╭─ THE DATA

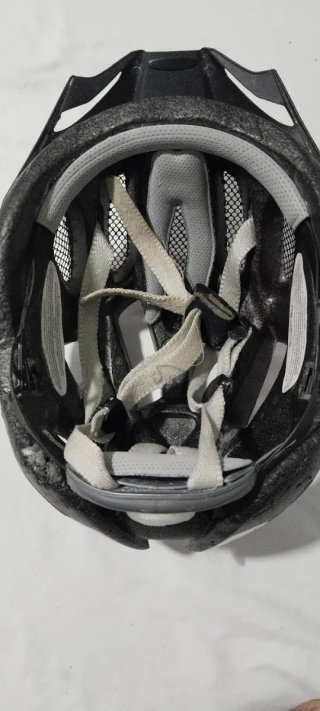 Lote ciclismo: Casco, guantes y candado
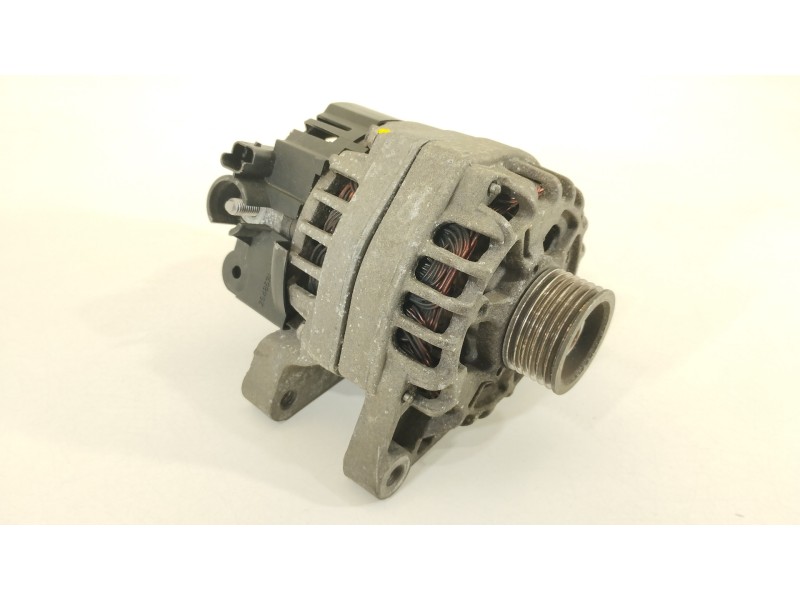 Recambio de alternador para citroën c3 pluriel 1.6 16v sensodrive referencia OEM IAM 9642879480 2542485A SG7S016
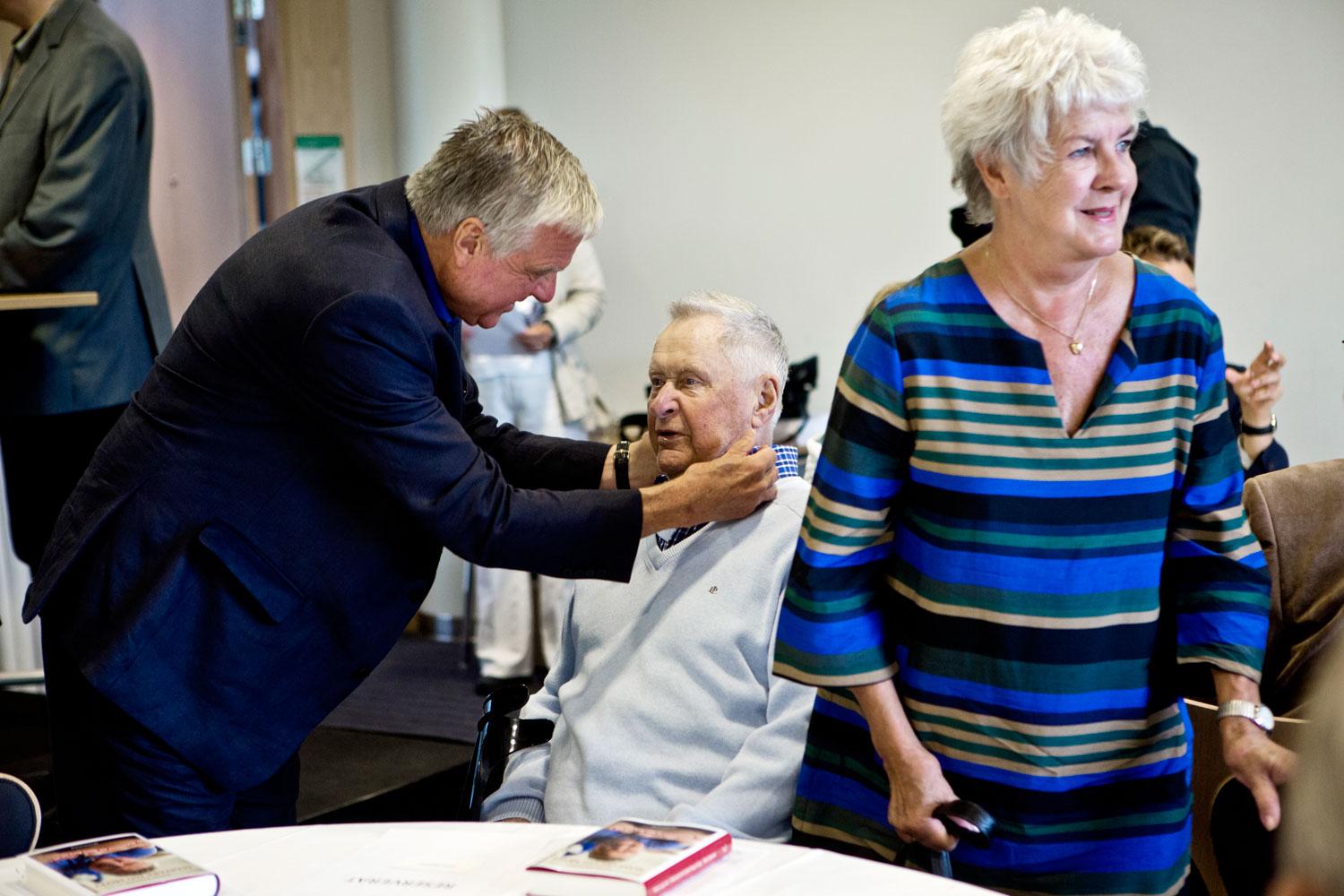LIVSLÅNG VÄNSKAP Livslånge vännen Tommy Engstrand besökte Lars-Gunnar Björklund på sjukhuset sedan 75-åringen blivit svårt sjuk. På bilden även hustrun Lena Björklund.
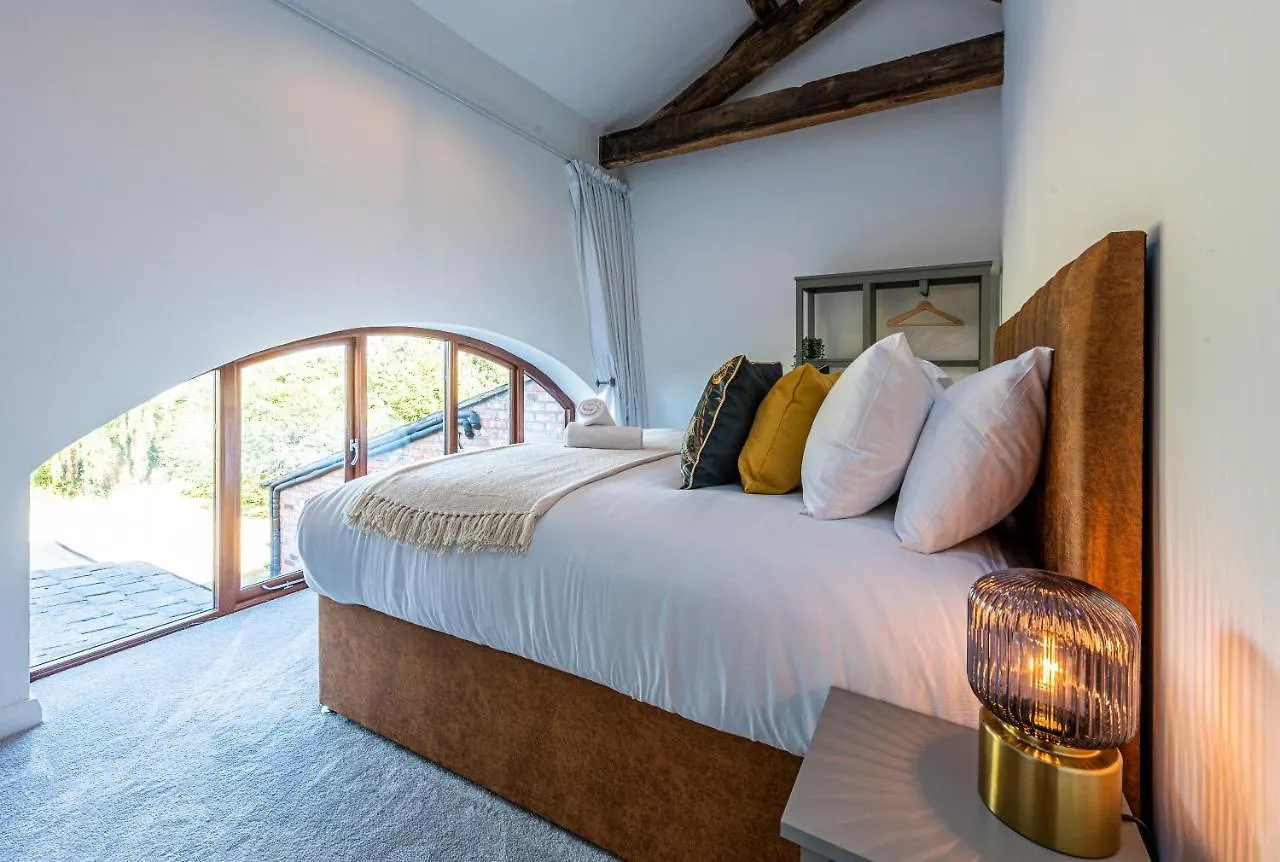 Holiday home No1 Little Barrow Barns - Sleeps 10 Villa Chester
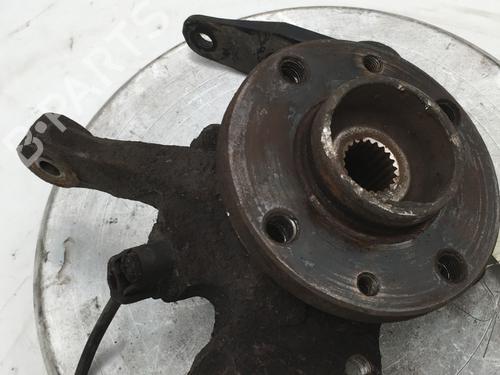 Used Left front steering knuckle Left front steering knuckle RENAULT CLIO II (BB_, CB_) [1998-2016] 33298702 33298702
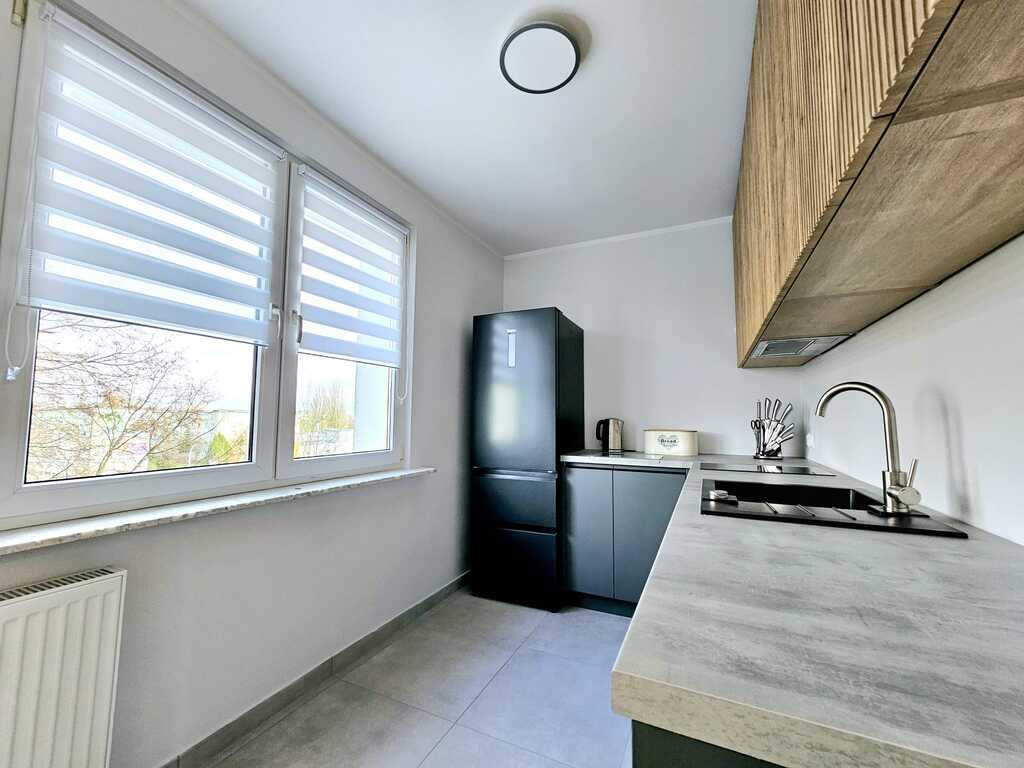 2 pok. po generalnym remoncie z pięknym widokiem! (4)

╰─

▸ WORK ITEM
Both ends included, copy word for word the lines from the top of the entries above through the line with "Holiday home No1". No pictures.

▸ RESULT OF THE TASK
 Lote ciclismo: Casco, guantes y candado
 Recambio de alternador para citroën c3 pluriel 1.6 16v sensodrive referencia OEM IAM 9642879480 2542485A SG7S016
LIVSLÅNG VÄNSKAP Livslånge vännen Tommy Engstrand besökte Lars-Gunnar Björklund på sjukhuset sedan 75-åringen blivit svårt sjuk. På bilden även hustrun Lena Björklund.
 Holiday home No1 Little Barrow Barns - Sleeps 10 Villa Chester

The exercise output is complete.